Part of the problem is tied to the lack of diplomatic relations between Washington and Caracas. There are no consular services for Venezuelans in the U.S. Many of the hundreds of thousands of Venezuelans who migrated to the U.S. in recent years seeking asylum or other humanitarian relief entered without valid passports, as Pérez did. But to get on a plane for Venezuela, they’re being told they’ll need a special travel document known as a “salvoconducto,” or “safe passage,” from their government.
And relations between the two countries are getting worse. The Trump administration has pushed for regime change in Venezuela, sent warships to the Caribbean and, in recent weeks, blew up four Venezuelan boats it claimed were transporting drugs to the U.S. Bracing for an invasion, Venezuelan President Nicolás Maduro has said he’s ready to declare a state of emergency to protect his country, which could make it harder for Venezuelans abroad to return home.
The Venezuelans who want to leave the U.S. described how CBP Home representatives told them that their lack of passports wouldn’t be a problem and that the U.S. government would help them obtain the travel documents they needed. Now they are being told that they’re on their own — if they get any response at all.
The Trump administration was aware of the potential challenges from the start. In his May proclamation, the president directed the State and Homeland Security departments to “take all appropriate actions to enable the rapid departure of illegal aliens from the United States who currently lack a valid travel document from their countries of citizenship or nationality.”
In a statement, a DHS spokesperson said the agency is working with the State Department “to acquire travel documents for those who lack safe passage. So far thousands of Venezuelans have already self-departed using CBP Home.” The State Department referred questions to DHS.
The internal DHS records obtained by ProPublica show nearly 3,700 departures of Venezuelans via CBP Home through late September. It’s unclear how many Venezuelans have applied. The DHS spokesperson said the agency could not confirm the numbers and would not say whether the program is meeting projections. (A congressional committee has directed DHS to include information about CBP Home departures in monthly reports the agency previously published, but has not published in this administration.)
An estimated 10,200 Venezuelans were deported between February and early October, according to deportation flight data tracked by the nonprofit Human Rights First’s ICE Flight Monitor.
Many of the Venezuelans interviewed by ProPublica are mothers of young children who say they decided to take the president’s offer after their work permits expired, their temporary protected status was canceled or their spouses were deported.
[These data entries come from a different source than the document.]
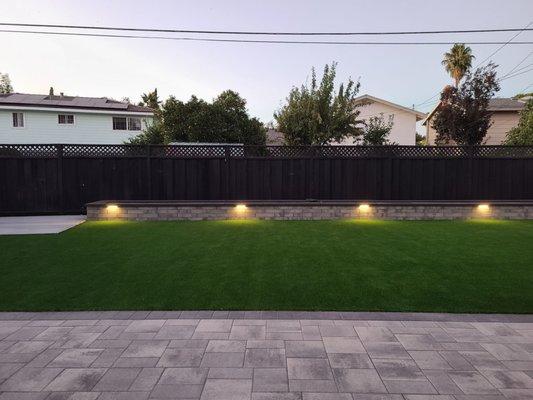 Outertainments created a garden retaining wall with lights and full irrigation system.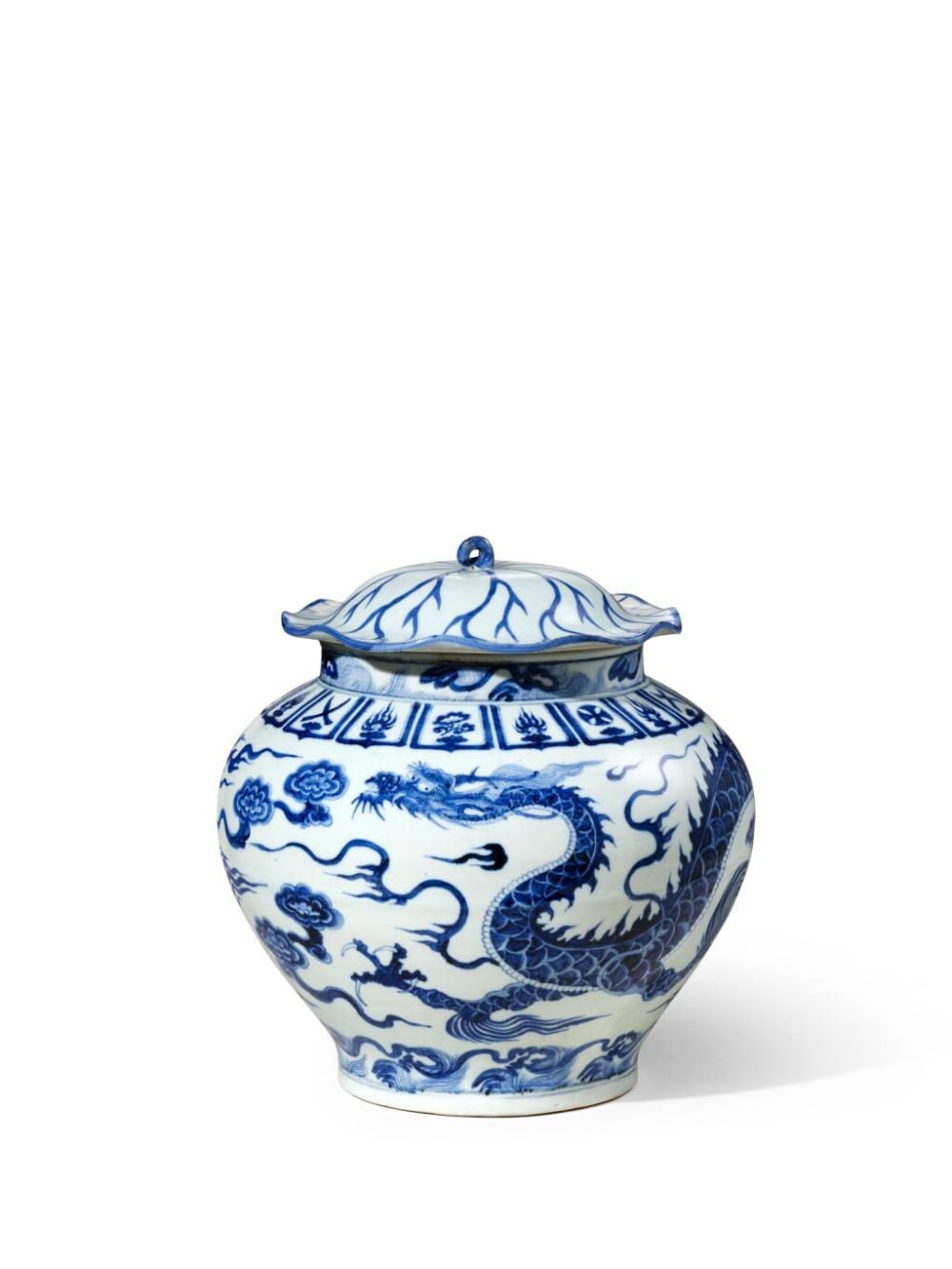 An extremely rare and superbly painted blue and white 'dragon' jar and cover, Yuan dynasty | 元　青花雲龍紋蓋罐 comparable sale
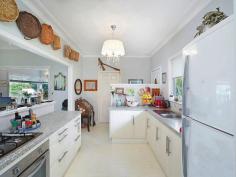  3 Gosford St Point Clare NSW 2250 Country Style by the Water Desirably located on Noonan Point, the water side of Point Clare railway station, this delightful home is sure to appeal. Currently configured as a chic, 2 bedroom country style cottage, and a 1 bedroom, self-contained income suite, this property will appeal to home owners and investors alike. The main dwelling has an open plan living space that flows freely outdoors to the entertainment deck that affords lovely views across the water, as does the spacious bedroom of the suite, which of course could be the master bedroom, if brought back into one house for owner use. With so much possibility, this home is sure to attract immediate attention. Land Size 480m2 Rates $1594 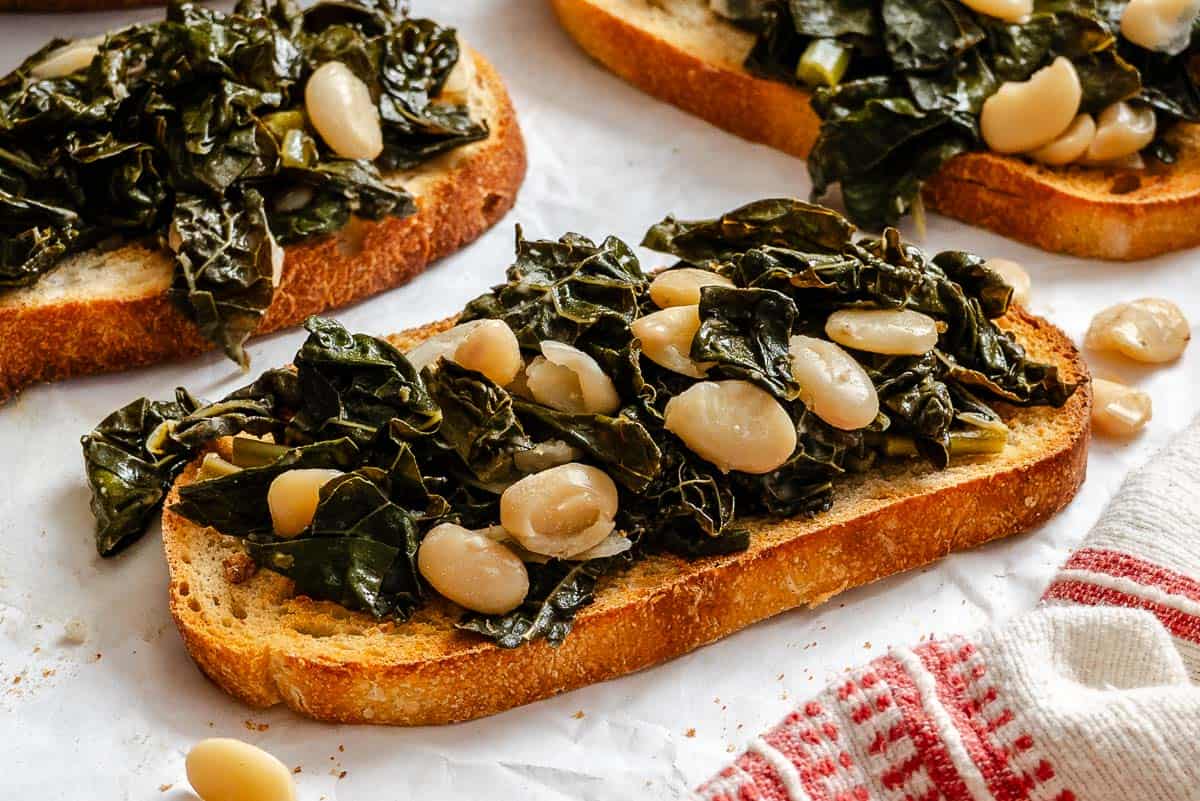 Close-up of several pieces of toasted bread topped with the Tuscan kale and white bean mixture. The image highlights the textural contrast between the crisp bread and the tender greens and beans, with some beans scattered on the paper.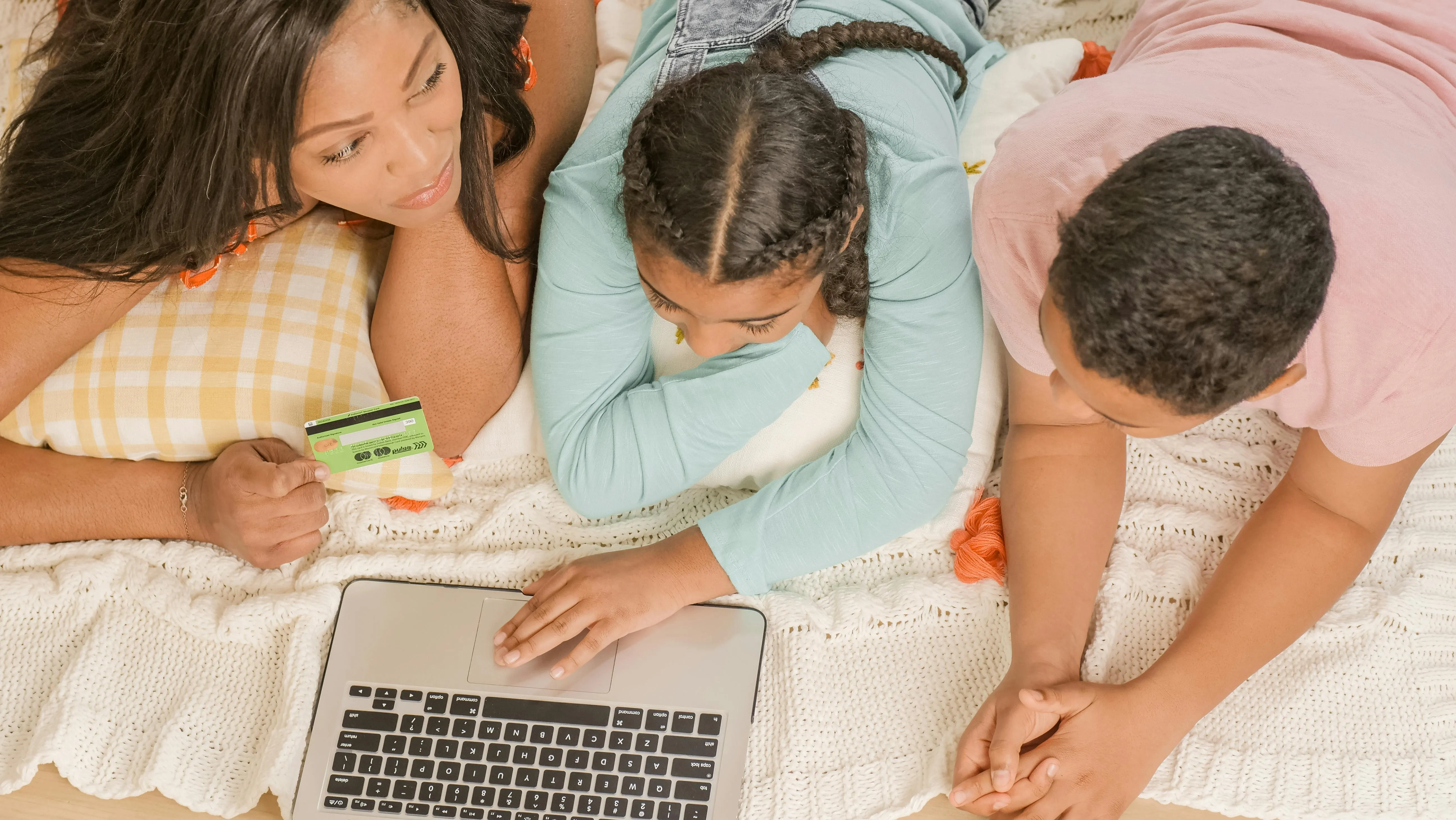 #FotoDescrição Família deitada em um tapete com notebook e cartão de crédito na mão.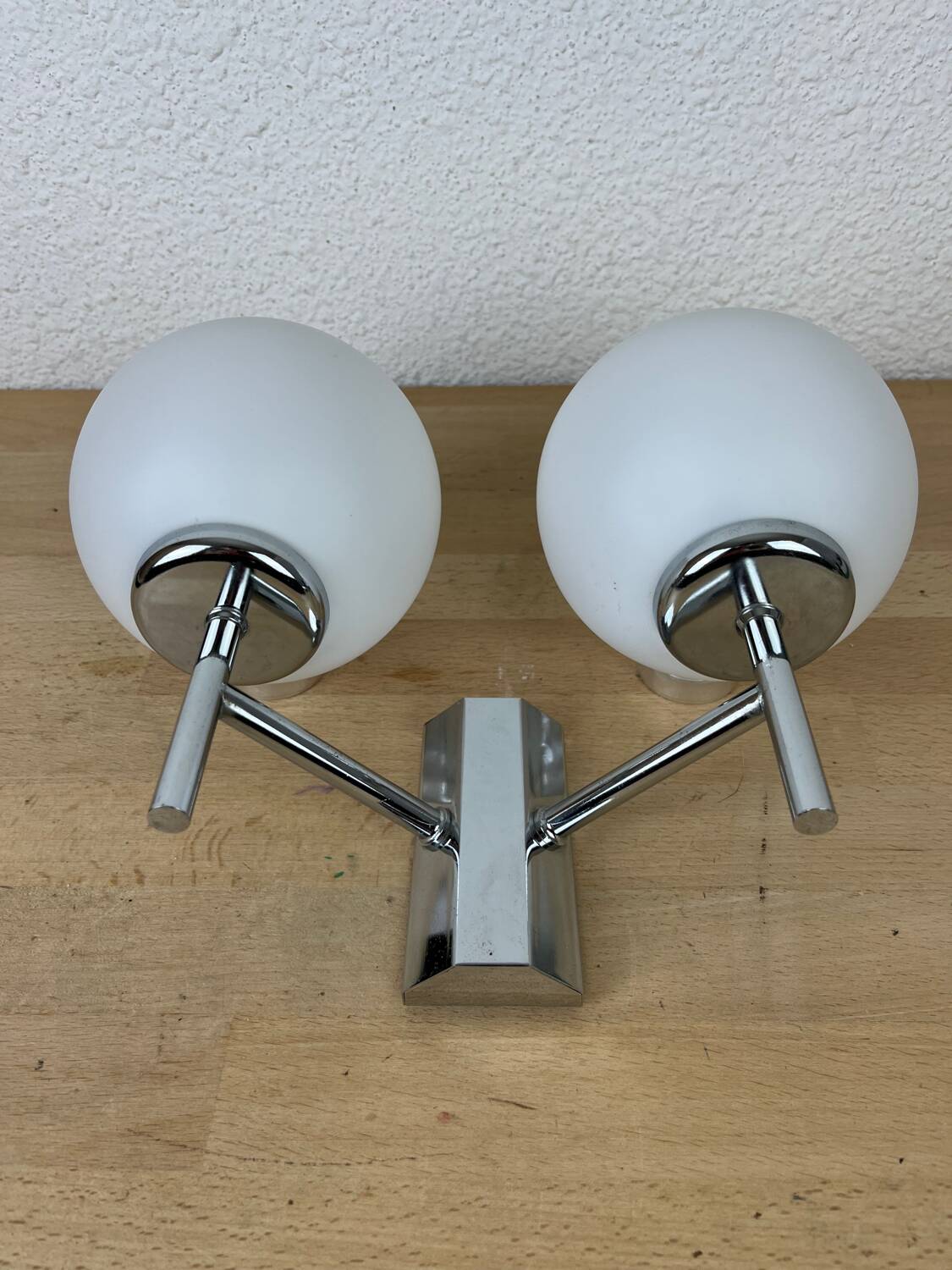 Opaline and chrome globe wall light from the 1970s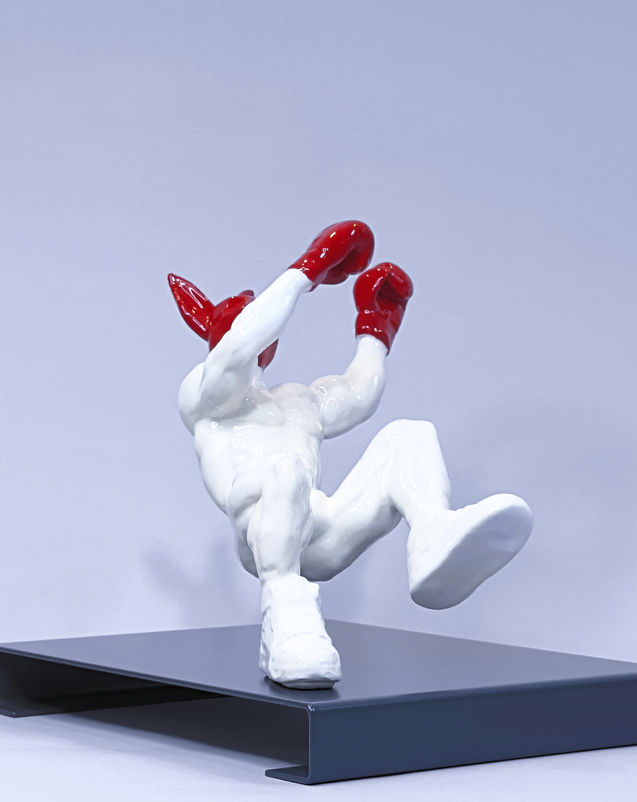 PUNCH ME BABY… by PORNOBUNNY, opposite front three-quarter view; muscular sculpture with boxing gloves on a stand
Few are willing to return by land because of the dangers posed by cartel violence and kidnappings in Mexico — dangers many of them experienced when they migrated here.
Nearly all of them, like Pérez, asked not to be identified by their full names because they’re afraid of bringing unwanted attention to themselves and of the potential consequences of such attention. Interviews with Venezuelan immigrants were conducted in Spanish.
Before their departure dates came and went, they had made preparations to leave — turning over the keys to their apartments, pulling their children from school, shipping their belongings to Venezuela. And they have sunk deeper into poverty as the weeks and months pass.
Pérez applied for her family to return to Venezuela through the CBP Home app months ago but has been stuck in limbo in Chicago without a clear path forward. Credit: Jamie Kelter Davis for ProPublica
Pérez applied for her family to return to Venezuela through the CBP Home app months ago but has been stuck in limbo in Chicago without a clear path forward. Credit: Jamie Kelter Davis for ProPublica
In Los Angeles, a family of four slept in their tiny Toyota Echo for weeks to save on rent as they waited for their departure date. They sold the car and other belongings to pay for bus tickets back the way they’d come. Nearly two months after their return to Venezuela, they said they’re still waiting for the exit bonuses they’d hoped would help them start over.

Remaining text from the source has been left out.